Nabi Shallallahu ‘Alaihi wa Sallam bersabda:
« السِّوَاكُ  مَطْهَرَةٌ لِلْفَمِّ مَرْضَاةٌ لِلرَّبِّ »
“Siwak itu membersihkan mulut dan membuat ridha Allah. (Nasa’i. 1/10 no. 5; Ahmad,7 ,62)
Nabi Shallallahu ‘Alaihi wa Sallam bersabda:
« طَيِّبُوْا أَفْوَاهَكُمْ بِالسِّوَاكِ فَإِنَّهَا طُرُقُ الْقُرْآنِ »

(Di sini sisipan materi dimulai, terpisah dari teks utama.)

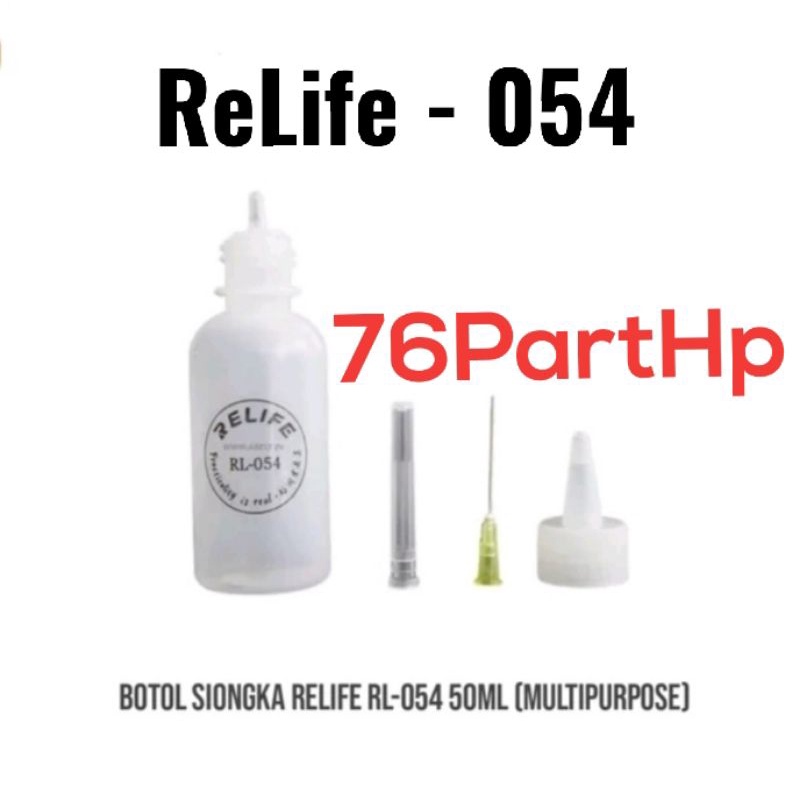 Botol Siongka Relife - 054 - RL054 Botol Siongka Jarum Botol Cairan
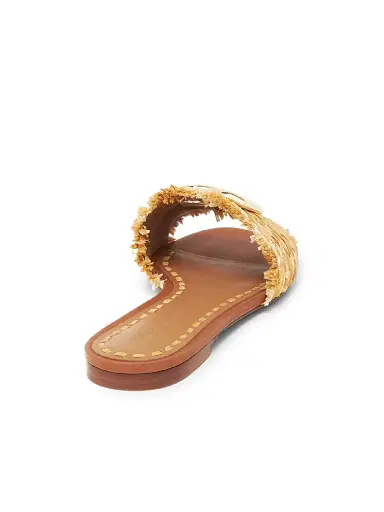 Dolce & Gabbana Women's Logo Woven Sandals - Legno Natural - Size 11.5 | Thumbnail 3 Dolce & Gabbana Women's Logo Woven Sandals - Legno Natural - Size 11.5 | Thumbnail 3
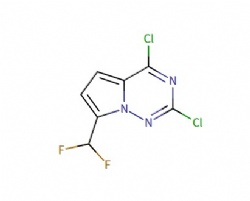 2,4-dichloro-7-(difluoromethyl)pyrrolo[2,1-f][1,2,4]triazine
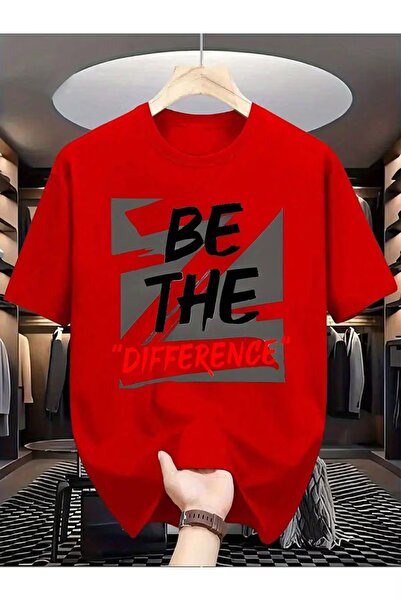 LOTS MODA Difference Printed Unisex Oversize T-Shirt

“Bersihkanlah mulutmu dengan siwak karena ia adalah jalannya bacaan al-Qur’an.” (Baihaqi dalam Syu’abul Iman, 2119; al-Bazzar, dengan sanad la ba’sa bihi, hadis hasan)
Nabi Shallallahu ‘Alaihi wa Sallam bersabda: “Sesungguhnya seorang hamba jika ia bersiwak kemudian shalat, maka malaikat berdiri di belakangnya mendengarkan bacaannya dan mendekat, setiap kali mendengar satu ayat hingga ia meletakkan mulutnya pada mulutnya, maka tidak ada alqur’an yang keluar dari mulutnya melainkan  masuk ke dalam rongga malaikat, maka bersihkanlah mulutmu karena al-Qur’an.” (HR. al-Bazzar, dengan sanad bagus, dihasankan oleh syekh Zakaria al-Bakistani)
Nabi bersabda:
« رَكْعَتَانِ بِسِوَاكٍ أَفْضَل مِنْ سَبْعِيْنَ رَكْعَةً بِغَيْرِ سِوَاكٍ »
“Dua rakaat dengan siwak lebih baik dari pada 70 rakaat tanpa siwak.” ( Hasan Lighairihi .HR. Al-Bazzar dan Baihaqi dengan sanad bagus dari Aisyah; al-Durrul Mantsur 1/277))
Dalam lafadz lain: “Keutamaan shalat dengan siwak atas shalat tanpa siwak adalah 70 klali lipat.” (HR. Ahmad, abu ya’la, Ibnu Khuzaimah, dan Hakim, ia berkata: Shahih sesuai dengan syarat Muslim. Hadis Hasan)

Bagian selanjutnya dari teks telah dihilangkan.